The IOM's agreement with the US forms part of the jurisdiction's efforts to implement its commitments to the OECD, given in early 2001, which included a commitment to develop effective exchange of information. Over the following 12 months the Isle of Man, together with other jurisdictions, negotiated a Model Tax Information Exchange Agreement.

The Model being adopted provides for exchange of information based upon a formal request being received by the Competent Authority in the Isle of Man. A request must be made on an individual case basis and the subject of the request must be under investigation in the requesting jurisdiction. Other safeguards are included to prevent ‘fishing expeditions’ for example, the requesting party must first take all means available in its own jurisdiction to obtain the information. All information that is exchanged may not be passed on to third parties and there are strict confidentiality measures.

The US Treasury Department announced in September, 2006, that the Tax Information Exchange Agreement had entered into force.

According to the Treasury: "An exchange of letters between the United States and the Isle of Man was completed on June 26, 2006, thus bringing into force an agreement that allows for the exchange of information on tax matters between the United States and the Isle of Man."

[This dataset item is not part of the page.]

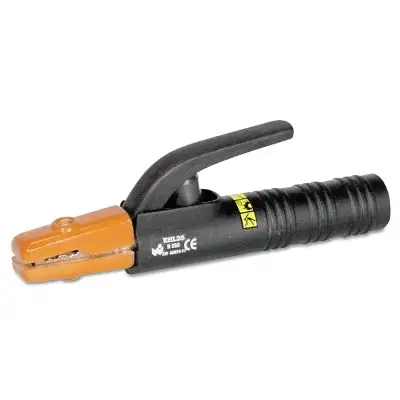 Lever Designed Electrode Holder, 250 A, Brass, For 1/0 Cable, 5 mm Cap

In February, 2005, agreements were signed with the Dubai Financial Services Authority, the UAE Central Bank, and the Bahrain Monetary Agency.

Dubai Financial Services Authority (DFSA) signed two memoranda of understanding with the Isle of Man's Financial Supervision Commission and Insurance and Pensions Authority.

The two agreements aim to provide a framework for the provision of mutual assistance and information exchange between the two jurisdictions with regard to cross-border transactions. In addition, the agreements are designed to improve compliance, thereby helping to prevent money laundering and fraud.

Under each agreement, the Middle East Agencies, the FSC and IPA will consult with each other on an on-going basis to enhance regulatory co-operation and to collaborate on international supervision between the regions.

The MOUs also provide a framework for regulatory cooperation through the exchange of information and mutual cooperation in the field of on-site examinations of entities, subject to regulation in both jurisdictions.

In October, 2007, an association of Nordic countries concluded a package of Tax and Information Exchange Agreements (TIEA) with the Isle of Man, providing for the exchange of information between governments on a case-by-case basis, as the Manx government seeks to reinforce its global reputation as a well-regulated financial centre.

The Nordic countries started joint negotiations in July 2006 to conclude tax information exchange arrangements with jurisdictions that have made a commitment to apply the OECD standards on transparency and exchange of information in the tax area. The taxation and economic co-operation agreements have been signed with the seven members of the Nordic Council, namely Norway, Sweden, Finland, Iceland, Denmark, Greenland and the Faroe Islands. The package of 28 agreements was signed at a ceremony in Oslo. The package include tax information exchange agreements based on the OECD model of exchange of information on request on a case by case basis, and shipping and aircraft taxation agreements ensuring that a relevant business based in the Isle of Man will not be taxed in the Nordic countries so long as it is conducting international trade.